[Items from a dataset]

--

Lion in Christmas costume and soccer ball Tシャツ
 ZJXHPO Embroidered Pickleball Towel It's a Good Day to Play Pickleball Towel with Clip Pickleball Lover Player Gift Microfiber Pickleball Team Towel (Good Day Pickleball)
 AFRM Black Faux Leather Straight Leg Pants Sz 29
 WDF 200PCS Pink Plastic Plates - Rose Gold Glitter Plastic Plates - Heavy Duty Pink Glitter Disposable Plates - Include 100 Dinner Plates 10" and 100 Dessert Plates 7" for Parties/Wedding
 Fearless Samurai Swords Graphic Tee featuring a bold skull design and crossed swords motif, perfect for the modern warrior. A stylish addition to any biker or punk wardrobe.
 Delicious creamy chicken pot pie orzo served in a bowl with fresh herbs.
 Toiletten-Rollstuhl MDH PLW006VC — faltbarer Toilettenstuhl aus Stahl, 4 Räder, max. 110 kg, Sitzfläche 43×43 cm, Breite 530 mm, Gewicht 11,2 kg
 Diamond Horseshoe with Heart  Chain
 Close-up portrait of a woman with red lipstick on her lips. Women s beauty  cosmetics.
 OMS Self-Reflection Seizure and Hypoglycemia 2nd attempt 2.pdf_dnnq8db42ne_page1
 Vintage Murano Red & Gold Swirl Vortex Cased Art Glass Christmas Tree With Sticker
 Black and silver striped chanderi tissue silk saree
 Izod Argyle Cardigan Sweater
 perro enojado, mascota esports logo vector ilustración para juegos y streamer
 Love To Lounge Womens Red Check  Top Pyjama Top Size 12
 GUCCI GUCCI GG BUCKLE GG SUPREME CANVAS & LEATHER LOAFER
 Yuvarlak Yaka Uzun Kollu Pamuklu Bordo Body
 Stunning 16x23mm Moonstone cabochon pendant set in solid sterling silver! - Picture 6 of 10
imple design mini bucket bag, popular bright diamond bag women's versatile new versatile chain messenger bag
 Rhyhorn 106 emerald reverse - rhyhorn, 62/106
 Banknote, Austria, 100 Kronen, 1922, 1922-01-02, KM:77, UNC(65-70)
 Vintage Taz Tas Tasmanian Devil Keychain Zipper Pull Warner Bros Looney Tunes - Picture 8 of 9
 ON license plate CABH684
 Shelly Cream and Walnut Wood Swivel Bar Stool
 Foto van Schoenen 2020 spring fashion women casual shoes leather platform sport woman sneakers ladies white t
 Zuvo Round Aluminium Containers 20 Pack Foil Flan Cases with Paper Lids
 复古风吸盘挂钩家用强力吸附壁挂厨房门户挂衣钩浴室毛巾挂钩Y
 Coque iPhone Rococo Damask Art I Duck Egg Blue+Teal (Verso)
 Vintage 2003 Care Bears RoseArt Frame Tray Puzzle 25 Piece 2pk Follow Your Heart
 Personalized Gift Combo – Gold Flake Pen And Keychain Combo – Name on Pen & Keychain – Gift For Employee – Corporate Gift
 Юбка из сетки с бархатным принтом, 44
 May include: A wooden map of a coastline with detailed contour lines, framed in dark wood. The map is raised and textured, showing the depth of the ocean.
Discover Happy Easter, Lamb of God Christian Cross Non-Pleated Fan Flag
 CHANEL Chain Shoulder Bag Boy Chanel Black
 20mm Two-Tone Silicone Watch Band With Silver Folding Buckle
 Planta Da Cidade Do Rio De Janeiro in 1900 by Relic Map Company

--

**YOUR OBJECTIVE:** Exactly as written, give the records again.

**SOLUTION TO THIS EXERCISE:**
Lion in Christmas costume and soccer ball Tシャツ
 ZJXHPO Embroidered Pickleball Towel It's a Good Day to Play Pickleball Towel with Clip Pickleball Lover Player Gift Microfiber Pickleball Team Towel (Good Day Pickleball)
 AFRM Black Faux Leather Straight Leg Pants Sz 29
 WDF 200PCS Pink Plastic Plates - Rose Gold Glitter Plastic Plates - Heavy Duty Pink Glitter Disposable Plates - Include 100 Dinner Plates 10" and 100 Dessert Plates 7" for Parties/Wedding
 Fearless Samurai Swords Graphic Tee featuring a bold skull design and crossed swords motif, perfect for the modern warrior. A stylish addition to any biker or punk wardrobe.
 Delicious creamy chicken pot pie orzo served in a bowl with fresh herbs.
 Toiletten-Rollstuhl MDH PLW006VC — faltbarer Toilettenstuhl aus Stahl, 4 Räder, max. 110 kg, Sitzfläche 43×43 cm, Breite 530 mm, Gewicht 11,2 kg
 Diamond Horseshoe with Heart  Chain
 Close-up portrait of a woman with red lipstick on her lips. Women s beauty  cosmetics.
 OMS Self-Reflection Seizure and Hypoglycemia 2nd attempt 2.pdf_dnnq8db42ne_page1
 Vintage Murano Red & Gold Swirl Vortex Cased Art Glass Christmas Tree With Sticker
 Black and silver striped chanderi tissue silk saree
 Izod Argyle Cardigan Sweater
 perro enojado, mascota esports logo vector ilustración para juegos y streamer
 Love To Lounge Womens Red Check  Top Pyjama Top Size 12
 GUCCI GUCCI GG BUCKLE GG SUPREME CANVAS & LEATHER LOAFER
 Yuvarlak Yaka Uzun Kollu Pamuklu Bordo Body
 Stunning 16x23mm Moonstone cabochon pendant set in solid sterling silver! - Picture 6 of 10
imple design mini bucket bag, popular bright diamond bag women's versatile new versatile chain messenger bag
 Rhyhorn 106 emerald reverse - rhyhorn, 62/106
 Banknote, Austria, 100 Kronen, 1922, 1922-01-02, KM:77, UNC(65-70)
 Vintage Taz Tas Tasmanian Devil Keychain Zipper Pull Warner Bros Looney Tunes - Picture 8 of 9
 ON license plate CABH684
 Shelly Cream and Walnut Wood Swivel Bar Stool
 Foto van Schoenen 2020 spring fashion women casual shoes leather platform sport woman sneakers ladies white t
 Zuvo Round Aluminium Containers 20 Pack Foil Flan Cases with Paper Lids
 复古风吸盘挂钩家用强力吸附壁挂厨房门户挂衣钩浴室毛巾挂钩Y
 Coque iPhone Rococo Damask Art I Duck Egg Blue+Teal (Verso)
 Vintage 2003 Care Bears RoseArt Frame Tray Puzzle 25 Piece 2pk Follow Your Heart
 Personalized Gift Combo – Gold Flake Pen And Keychain Combo – Name on Pen & Keychain – Gift For Employee – Corporate Gift
 Юбка из сетки с бархатным принтом, 44
 May include: A wooden map of a coastline with detailed contour lines, framed in dark wood. The map is raised and textured, showing the depth of the ocean.
Discover Happy Easter, Lamb of God Christian Cross Non-Pleated Fan Flag
 CHANEL Chain Shoulder Bag Boy Chanel Black
 20mm Two-Tone Silicone Watch Band With Silver Folding Buckle
 Planta Da Cidade Do Rio De Janeiro in 1900 by Relic Map Company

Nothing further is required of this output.